55 of 57 people found the following review helpful
Well written, but superficial 10 Oct 2005
By Cullen42 - Published on Amazon.com
Format:Paperback
This book was full of stories of women who struggled with common friendship troubles and hints about how to help yourself if you are in a position in which you don't have enough friends due to a life change. However, if you are reading it because you don't have very many friends and hope to learn ways to change that, a few hints aren't really going to be too terribly helpful. If you recently became a stay at home mom and hadn't thought of trying to meet your neighbors, this book will be useful to you. If you don't have friends because you are shy, don't know how to be friends with women, or one of the other multitudes of reasons why you might not have enough friends, this book won't help much, but you will be armed with new reasons why it is bad to not have friends.

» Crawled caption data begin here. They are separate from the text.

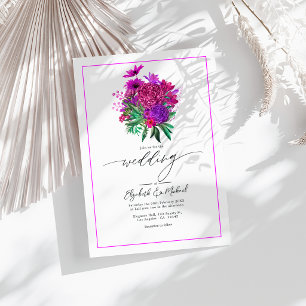 Convite de Casamento Foto QR Code Vibrante Fuchsia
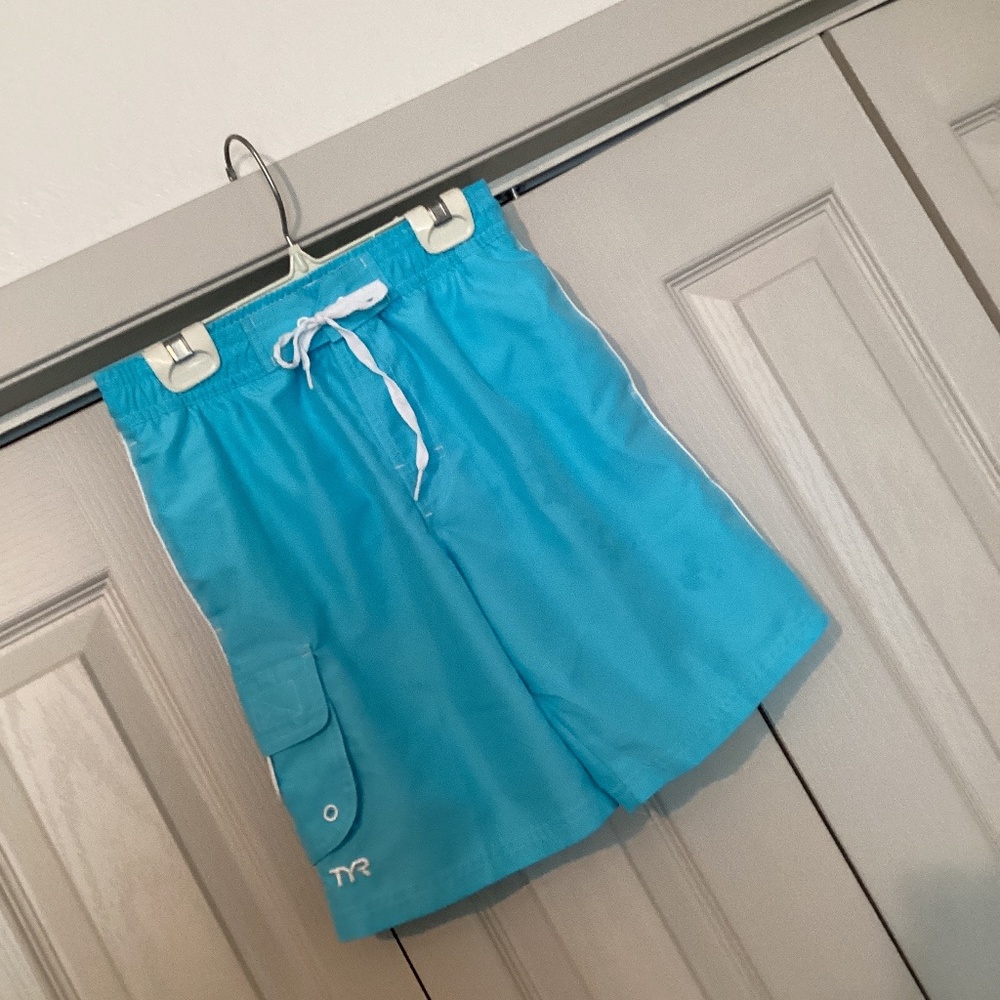 Boys Kids TYR swim suit trunks Sz M (8-10) Aqua blue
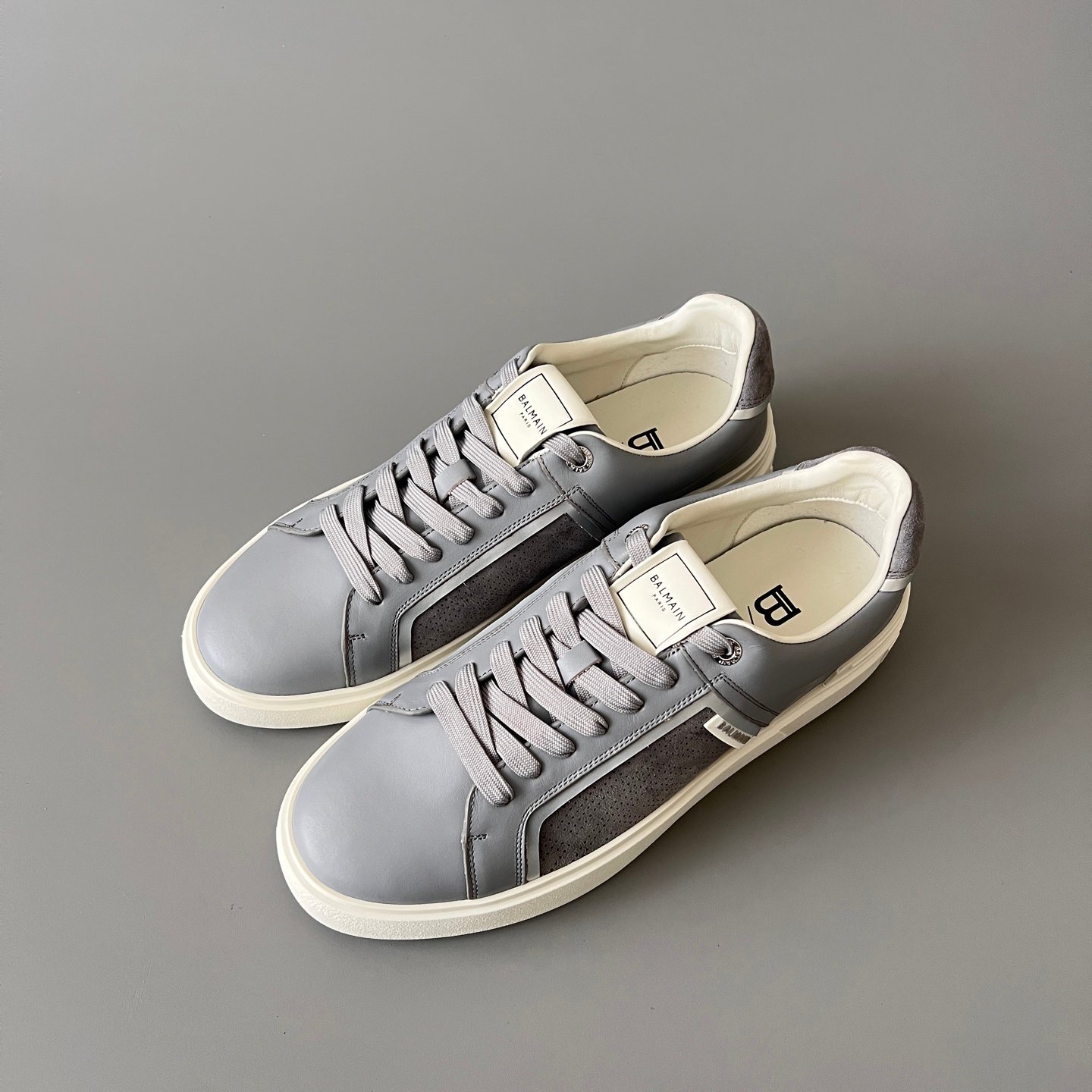 AuroraCustom BALMAIN B-Court Panel Trim Low-Top Platform Board Shoes (Premium Men's Slate Grey Calfskin & Perforated Suede Solid Off-White TPU Outsole Luxury Edition) - Image 8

69 of 73 people found the following review helpful
A wonderful book on a subject not commonly covered 3 Sep 2004
By Stephanie S. - Published on Amazon.com
Format:Hardcover
While perusing the "New Non-Fiction" section of my library, I came across this book. I think it is very well written, and expresses many of the feelings I was ashamed and embarrassed to express, or didn't really realize were there. I really thought I was rare in the fact that I have very few female friends beyond work acquaintances, and in the fact that I long for that to change, but am too shy to do much about it. When we are kids, making friends is easy. What about those women working from home, or living in rural areas? If all the people you come in to contact with in an average day are the check-out lady and the bank teller, what's a woman to do? It gives some tidbits and ideas for making new friends, talks a good bit about the importance of female companionship to our well-being, along with info on things like how to know if you should cut a friend loose and what to do when your child's friend is no longer friends with someone who's mother you had become close with (that was wordy, I know). Anyway, I think this is a unique book worth reading. Those who give it just a star or two probably do so because they have many friends and therefore cannot relate to the content.